Integrated ATAC-seq and RNA-seq analysis identifies Grid2 and Reln as potential regulatory genes in migraine pathophysiology.

BACKGROUND: Migraine pathophysiology involves epigenetic mechanisms, but key molecular regulators remain poorly defined. This study aimed to elucidate these mechanisms using a comprehensive multi-omics approach. METHODS: We established a nitroglycerin (NTG)-induced migraine-like mouse model. Sensory hypersensitivity was assessed via behavioral tests, and neuronal activation was evaluated by immunofluorescence staining for c-Fos in the trigeminal nucleus caudalis. Integrated transcriptomic profiling (RNA-seq) and epigenomic analysis (ATAC-seq) were performed, followed by differential expression and accessibility analyses, functional enrichment, multi-omics integration, protein-protein interaction network construction, and in silico drug prediction using tools like Enrichr. RESULTS: NTG treatment induced significant sensory hypersensitivity, with reduced mechanical thresholds and increased c-Fos expression. RNA-seq identified 140 significantly upregulated genes, while ATAC-seq revealed 282 significantly open differentially accessible chromatin regions (DACRs). Multi-omics integration pinpointed Grid2 and Reln as central effectors, enriched in synaptic pathways.
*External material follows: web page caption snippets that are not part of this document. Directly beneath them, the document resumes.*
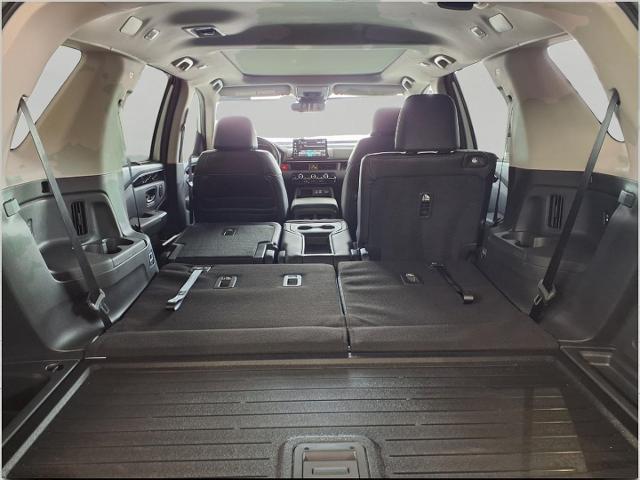 2025 Honda Pilot Vehicle Photo in Oshkosh, WI 54904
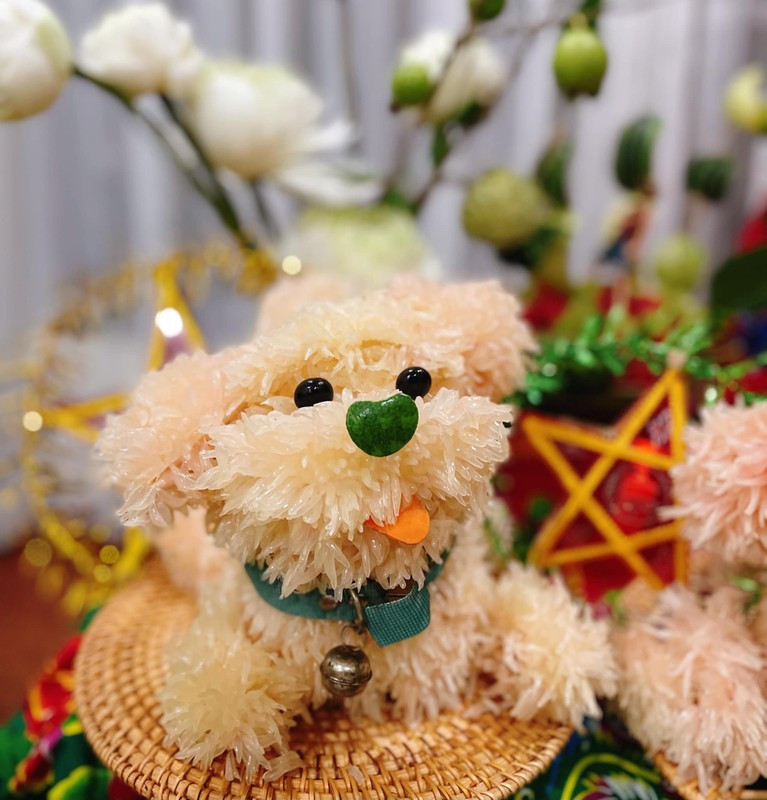 Những chú chó bưởi qua bàn tay khéo léo của các chị em được bày lên mâm cỗ vô cùng đẹp mắt, tạo hình y như thật.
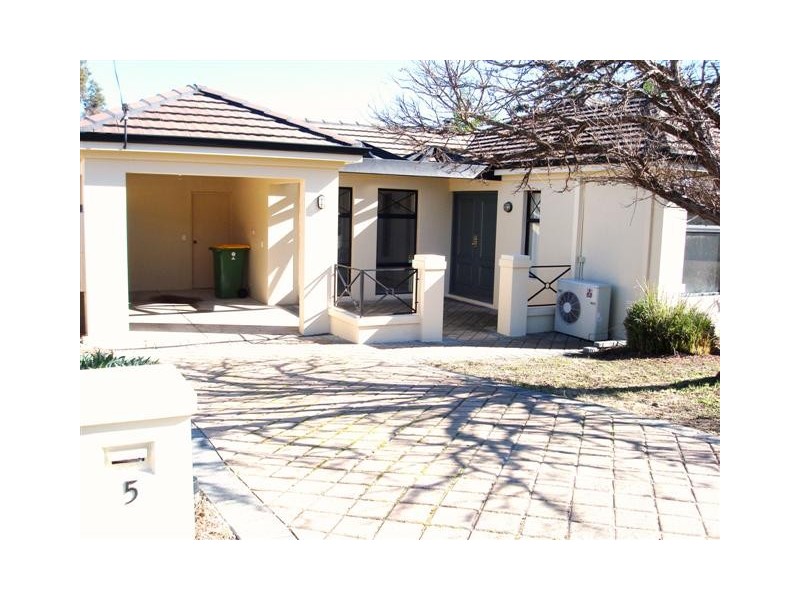 5 Snell Street, Maylands WA 6051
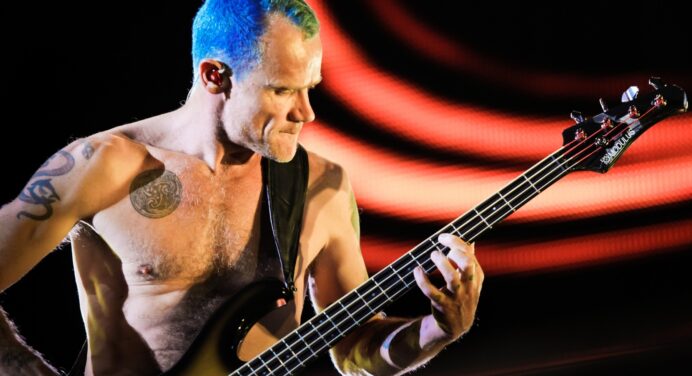 Flea de los Red Hot Chili Peppers regala un extraordinario set solista de 15 minutos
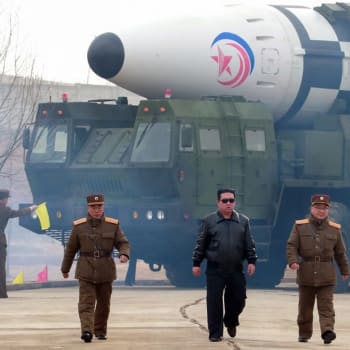 Kim Čong-un v propagandistickém dohlíží na test balistiké rakety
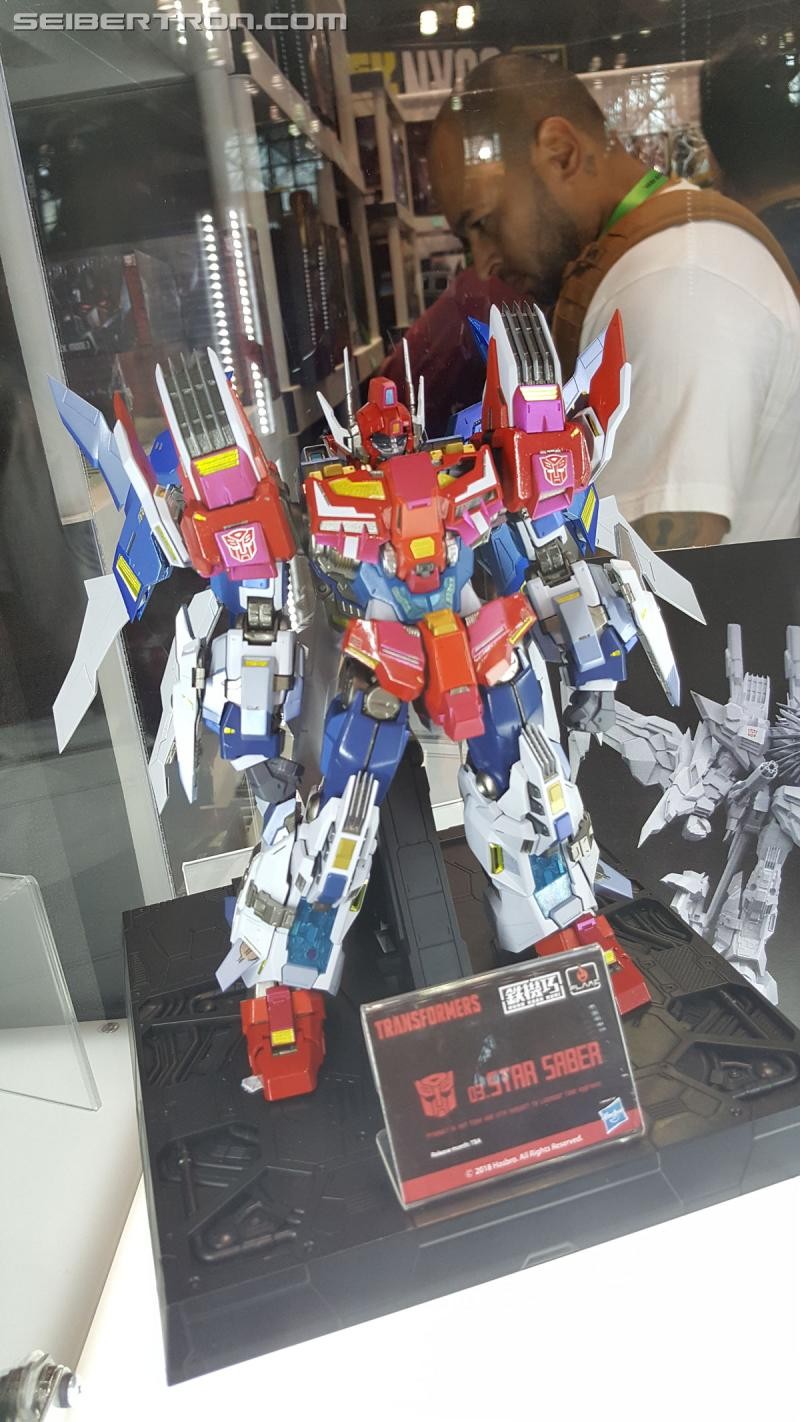 Transformers News: Seibertron Gallery of Flame Toys Transformers from #NYCC Transformers News: Seibertron Gallery of Flame Toys Transformers from #NYCC
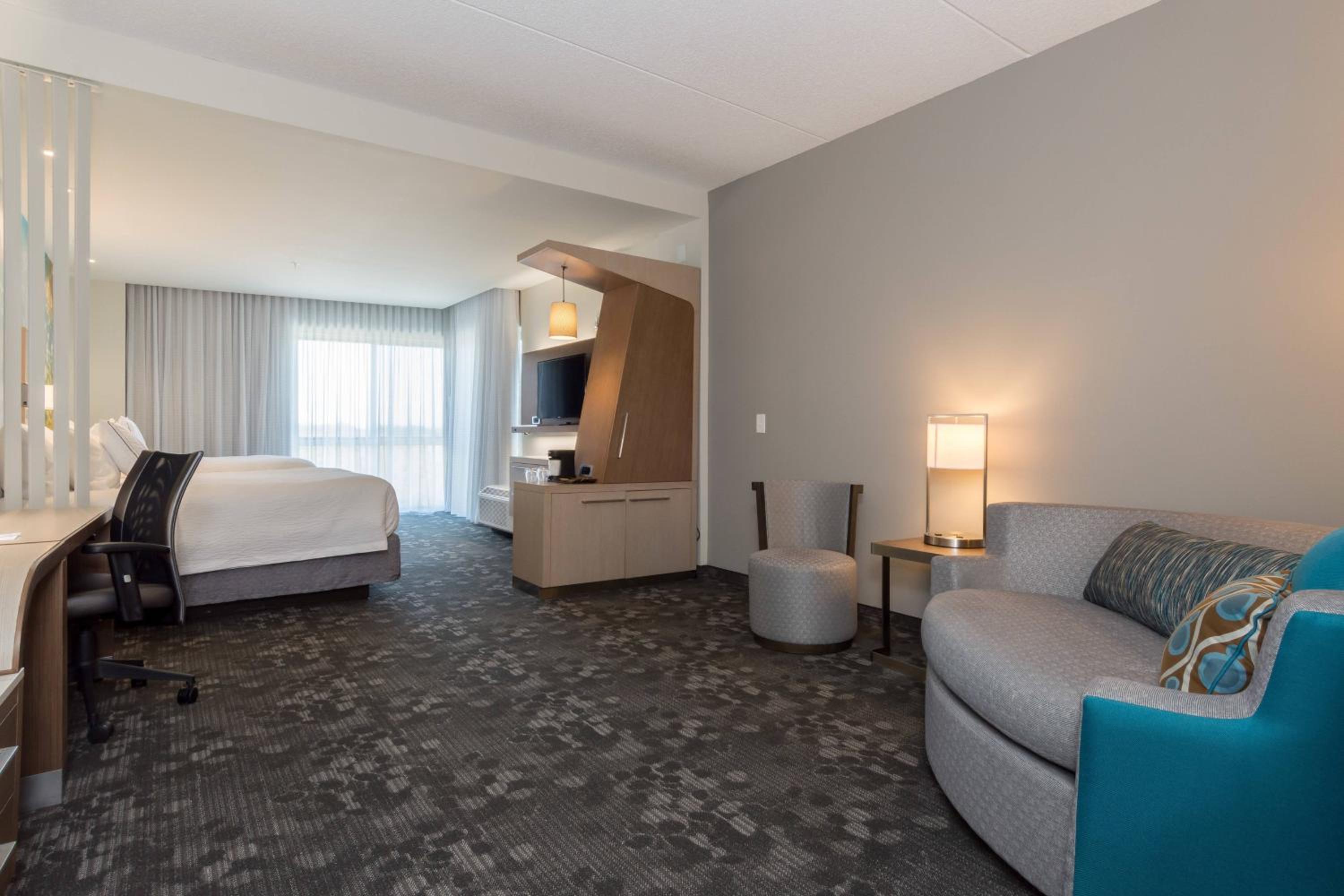 1 Bedroom Suite, 2 Queen, Sofa bed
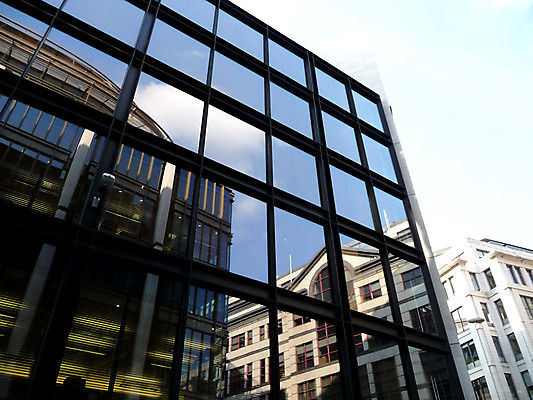 포토 JPG 해외이미지 디자인 외관 건축양식 창문 유리 직장 사람없음 야외 건물 사무실 반사 재산 해외202004 해외포토 건축물 건축 회사 비즈니스 재질 금융 파일형식 이미지허브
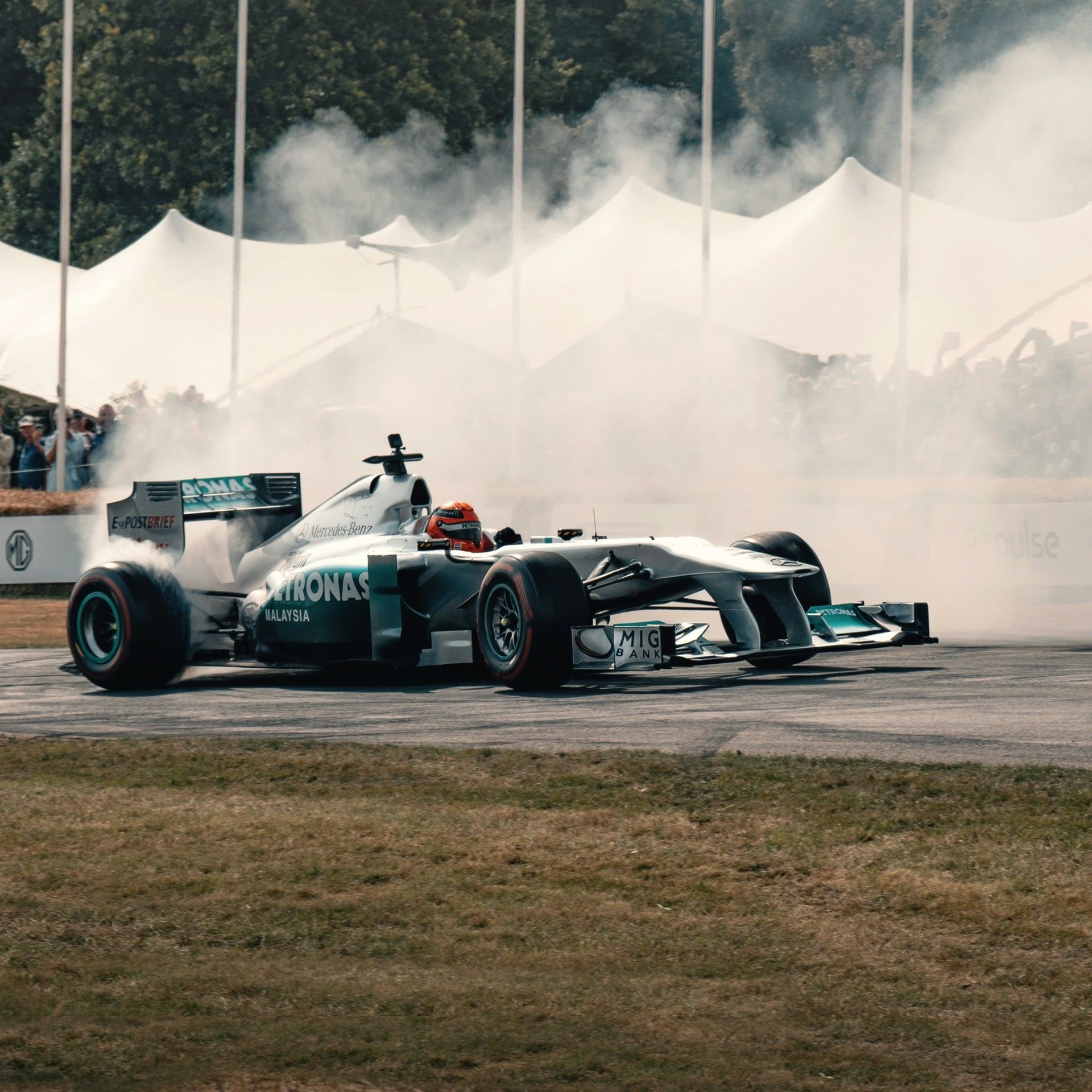 Ein Rennen gegen die Zeit – Warum boomt die Formel 1?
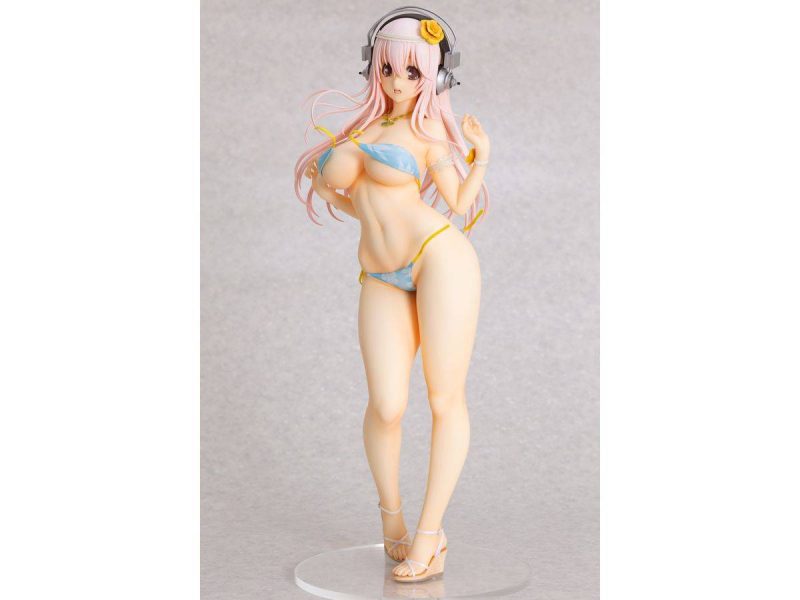 Photo by Tomato Republic Chile on May 26, 2025. An anime-style image of 1 Figura Super Sonico Summer Vacation Orchid Seed escala 1/4,5 4582292603580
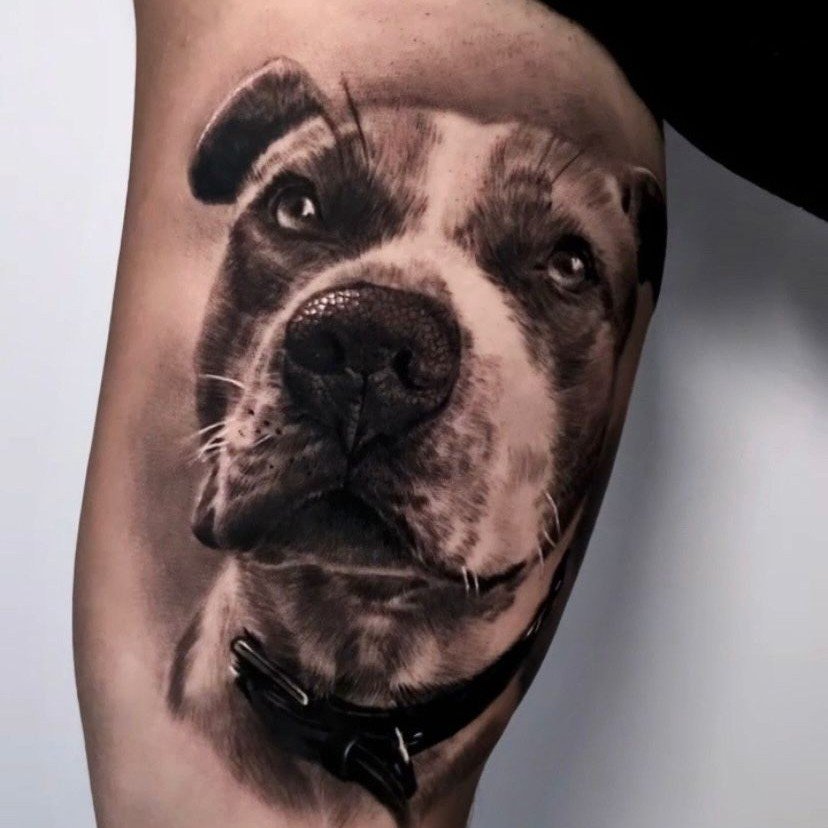 Tatuaje de retrato en antebrazo, línea fina Sinkply Madrid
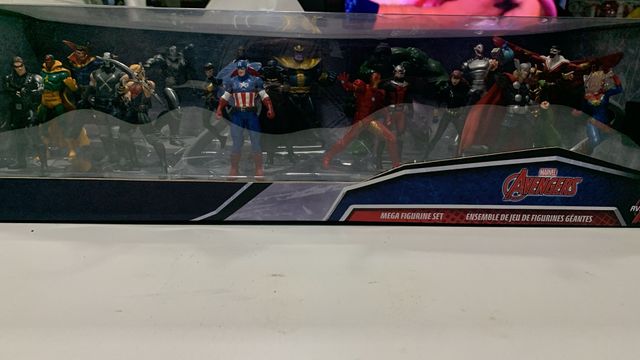 MARVEL AVENGERS: 20 FIGURAS DELUXE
Functional analyses highlighted roles in synaptic signaling, and network analysis identified key transcription factors (e.g., Etv1, Neurod1) as hubs. Drug prediction prioritized glutamate receptor antagonists as potential therapeutics. CONCLUSION: This study identifies Grid2 and Reln as plausible regulators in migraine pathophysiology, with implications for synaptic mechanisms. The findings provide novel insights into migraine etiology and highlight promising targets for therapeutic intervention. SUPPLEMENTARY INFORMATION: The online version contains supplementary material available at 10.1186/s10194-025-02228-4.